Excerpts from a dataset:
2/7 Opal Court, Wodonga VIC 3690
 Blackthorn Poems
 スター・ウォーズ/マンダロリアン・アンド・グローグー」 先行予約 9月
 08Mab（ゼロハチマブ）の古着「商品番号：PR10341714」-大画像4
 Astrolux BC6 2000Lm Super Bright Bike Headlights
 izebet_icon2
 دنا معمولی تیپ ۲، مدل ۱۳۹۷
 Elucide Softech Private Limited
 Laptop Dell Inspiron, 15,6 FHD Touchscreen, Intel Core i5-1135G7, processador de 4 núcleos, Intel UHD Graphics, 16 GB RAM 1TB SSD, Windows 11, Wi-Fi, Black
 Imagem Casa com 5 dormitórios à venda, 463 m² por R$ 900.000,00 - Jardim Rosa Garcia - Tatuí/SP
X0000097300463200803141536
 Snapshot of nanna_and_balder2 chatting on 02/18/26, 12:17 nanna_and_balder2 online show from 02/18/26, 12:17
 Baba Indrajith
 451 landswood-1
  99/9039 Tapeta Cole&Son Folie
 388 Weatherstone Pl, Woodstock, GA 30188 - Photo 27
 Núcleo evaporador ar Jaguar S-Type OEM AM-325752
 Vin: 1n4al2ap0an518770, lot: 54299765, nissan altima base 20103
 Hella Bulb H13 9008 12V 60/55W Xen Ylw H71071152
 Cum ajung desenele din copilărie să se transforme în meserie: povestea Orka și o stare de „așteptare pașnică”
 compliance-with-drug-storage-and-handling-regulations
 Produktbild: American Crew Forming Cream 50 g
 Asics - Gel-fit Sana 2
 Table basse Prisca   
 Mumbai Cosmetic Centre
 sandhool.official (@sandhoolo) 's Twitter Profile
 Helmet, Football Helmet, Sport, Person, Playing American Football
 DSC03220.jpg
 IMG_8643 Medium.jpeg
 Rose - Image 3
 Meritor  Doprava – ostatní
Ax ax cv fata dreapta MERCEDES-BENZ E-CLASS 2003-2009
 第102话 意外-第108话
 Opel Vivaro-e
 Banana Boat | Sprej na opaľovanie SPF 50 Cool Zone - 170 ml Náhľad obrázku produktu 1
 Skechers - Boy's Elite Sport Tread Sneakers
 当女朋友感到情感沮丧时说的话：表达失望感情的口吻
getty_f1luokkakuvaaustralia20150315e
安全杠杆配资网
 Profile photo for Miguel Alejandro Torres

Work to complete:
Could you restate, word for word, every line from the one containing "دنا معمولی تیپ ۲، مدل ۱۳۹۷" through the last line of the records above, and nothing more?

Output for this task:
 دنا معمولی تیپ ۲، مدل ۱۳۹۷
 Elucide Softech Private Limited
 Laptop Dell Inspiron, 15,6 FHD Touchscreen, Intel Core i5-1135G7, processador de 4 núcleos, Intel UHD Graphics, 16 GB RAM 1TB SSD, Windows 11, Wi-Fi, Black
 Imagem Casa com 5 dormitórios à venda, 463 m² por R$ 900.000,00 - Jardim Rosa Garcia - Tatuí/SP
X0000097300463200803141536
 Snapshot of nanna_and_balder2 chatting on 02/18/26, 12:17 nanna_and_balder2 online show from 02/18/26, 12:17
 Baba Indrajith
 451 landswood-1
  99/9039 Tapeta Cole&Son Folie
 388 Weatherstone Pl, Woodstock, GA 30188 - Photo 27
 Núcleo evaporador ar Jaguar S-Type OEM AM-325752
 Vin: 1n4al2ap0an518770, lot: 54299765, nissan altima base 20103
 Hella Bulb H13 9008 12V 60/55W Xen Ylw H71071152
 Cum ajung desenele din copilărie să se transforme în meserie: povestea Orka și o stare de „așteptare pașnică”
 compliance-with-drug-storage-and-handling-regulations
 Produktbild: American Crew Forming Cream 50 g
 Asics - Gel-fit Sana 2
 Table basse Prisca   
 Mumbai Cosmetic Centre
 sandhool.official (@sandhoolo) 's Twitter Profile
 Helmet, Football Helmet, Sport, Person, Playing American Football
 DSC03220.jpg
 IMG_8643 Medium.jpeg
 Rose - Image 3
 Meritor  Doprava – ostatní
Ax ax cv fata dreapta MERCEDES-BENZ E-CLASS 2003-2009
 第102话 意外-第108话
 Opel Vivaro-e
 Banana Boat | Sprej na opaľovanie SPF 50 Cool Zone - 170 ml Náhľad obrázku produktu 1
 Skechers - Boy's Elite Sport Tread Sneakers
 当女朋友感到情感沮丧时说的话：表达失望感情的口吻
getty_f1luokkakuvaaustralia20150315e
安全杠杆配资网
 Profile photo for Miguel Alejandro Torres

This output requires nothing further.